Its overall incidence of TN was reported to be at 4.3 – 4.7 per 100,000 persons per year for both genders and was noted to be more common in females with a ratio of 3:2 (age adjusted female 5.9 vs. male 3.4) (1,2). More recent studies done in Europe, however, have shown a significantly higher incidence of TN at 26-28.9 per 100,000 person years (3–5). Mean age of onset is 52-58 years old in its idiopathic form and 30-35 years in those with secondary causes of TN such as demyelinating disease, neoplasms or trauma. TN incidence increases with age in both genders.

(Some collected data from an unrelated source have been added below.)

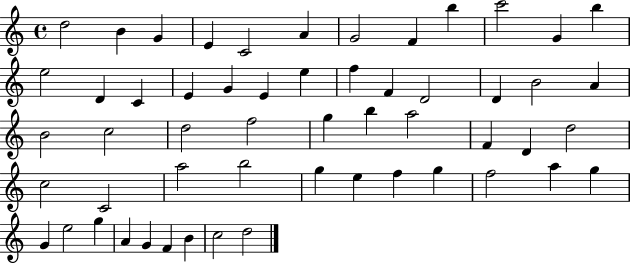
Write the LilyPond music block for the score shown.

{
  \clef treble
  \time 4/4
  \defaultTimeSignature
  \key c \major
  d''2 b'4 g'4 | e'4 c'2 a'4 | g'2 f'4 b''4 | c'''2 g'4 b''4 | \break e''2 d'4 c'4 | e'4 g'4 e'4 e''4 | f''4 f'4 d'2 | d'4 b'2 a'4 | \break b'2 c''2 | d''2 f''2 | g''4 b''4 a''2 | f'4 d'4 d''2 | \break c''2 c'2 | a''2 b''2 | g''4 e''4 f''4 g''4 | f''2 a''4 g''4 | \break g'4 e''2 g''4 | a'4 g'4 f'4 b'4 | c''2 d''2 | \bar "|."
}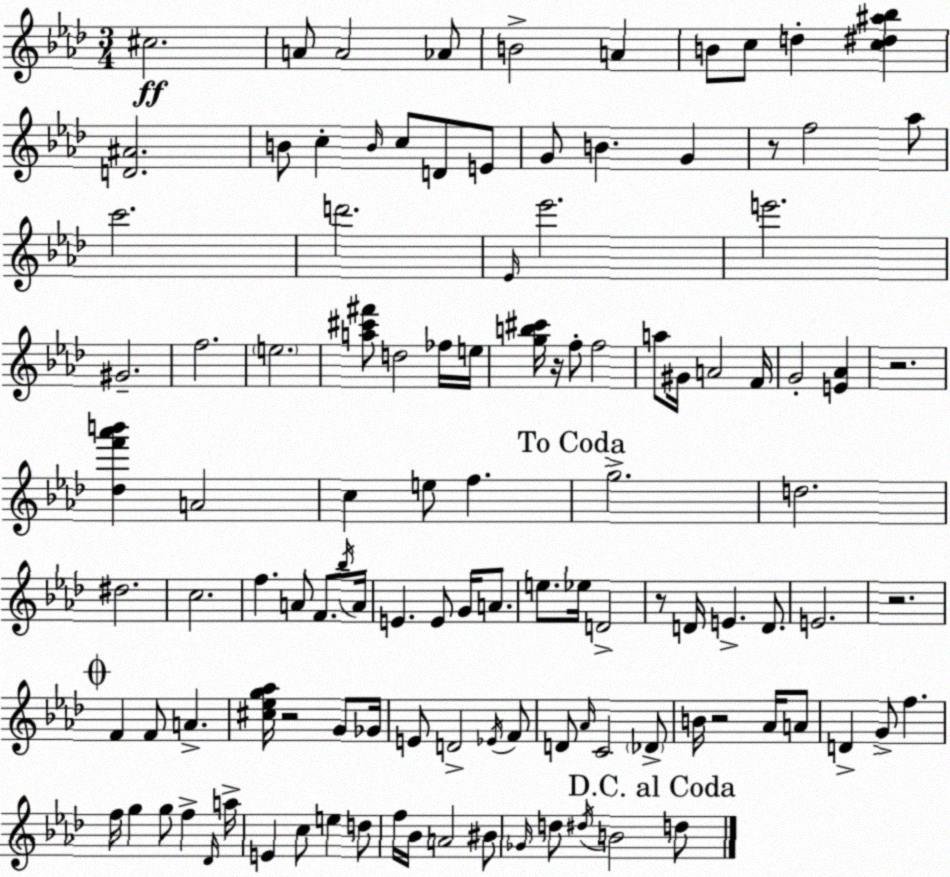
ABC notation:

X:1
T:Untitled
M:3/4
L:1/4
K:Ab
^c2 A/2 A2 _A/2 B2 A B/2 c/2 d [c^d^a_b] [D^A]2 B/2 c B/4 c/2 D/2 E/2 G/2 B G z/2 f2 _a/2 c'2 d'2 _E/4 _e'2 e'2 ^G2 f2 e2 [a^c'^f']/2 d2 _f/4 e/4 [gb^c']/4 z/4 f/2 f2 a/2 ^G/4 A2 F/4 G2 [E_A] z2 [_df'_a'b'] A2 c e/2 f g2 d2 ^d2 c2 f A/2 F/2 _b/4 A/4 E E/2 G/4 A/2 e/2 _e/4 D2 z/2 D/4 E D/2 E2 z2 F F/2 A [^c_eg_a]/4 z2 G/2 _G/4 E/2 D2 _E/4 F/2 D/2 _A/4 C2 _D/2 B/4 z2 _A/4 A/2 D G/2 f f/4 g g/2 f _D/4 a/4 E c/2 e d/2 f/4 _B/4 A2 ^B/2 _G/4 d/2 ^d/4 B2 d/2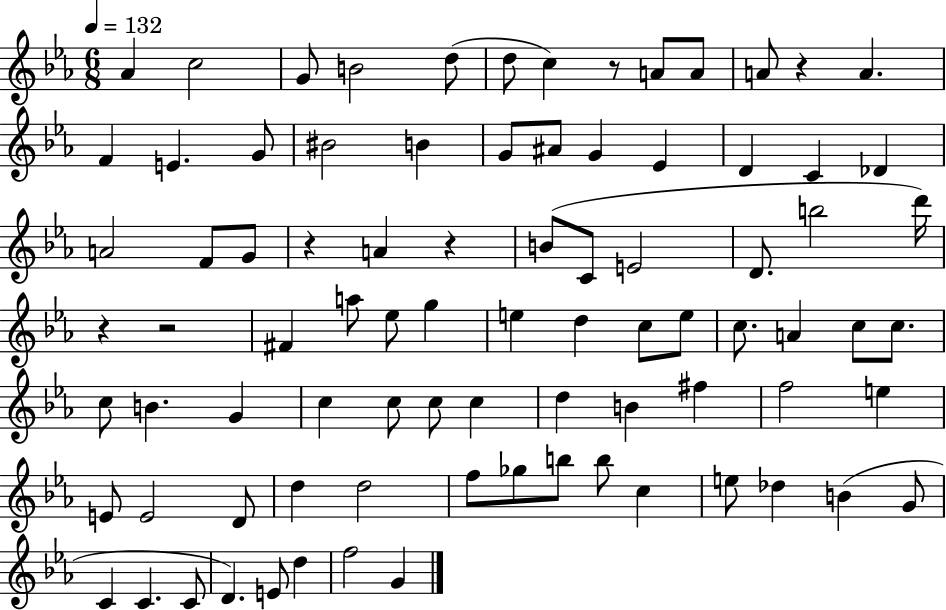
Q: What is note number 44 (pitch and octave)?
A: C5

TN is mainly a clinical diagnosis where the key feature is the paroxysmal excruciating pain felt within the trigeminal nerve distribution over the maxillary (35%), mandibular branches (30%), both maxillary and mandibular (20%), ophthalmic and maxillary (10%), ophthalmic (4%) and all branches of the trigeminal nerve (1%) (6). Most patients would describe the pain as sharp, superficial, burning, stabbing or electric-like in quality usually of high intensity. These attacks may last for a few seconds to a maximum of 2 minutes with spontaneous remissions but would recur repeatedly. TN can be precipitated by sensory stimulation of trigger zones usually over the nasolabial or intraoral area (7) but may be located within any region of dermatome of the trigeminal nerve. Stimuli can be as simple as light touch, flow of air, talking, drinking or eating. (8,9)
Pain, in general, is associated with a negative impact on patients’ quality of life especially when uncontrolled. Patients have reported changes in physical, psychological and social well-being (10,11). Between neuropathic and somatic pain, neuropathic pain has been found to have higher degree of impairment in patients’ quality of life, mood (anxiety and depression) and sleep (12–14). Because of this, it is prudent to assess patients’ pain and the degree of impairment in TN.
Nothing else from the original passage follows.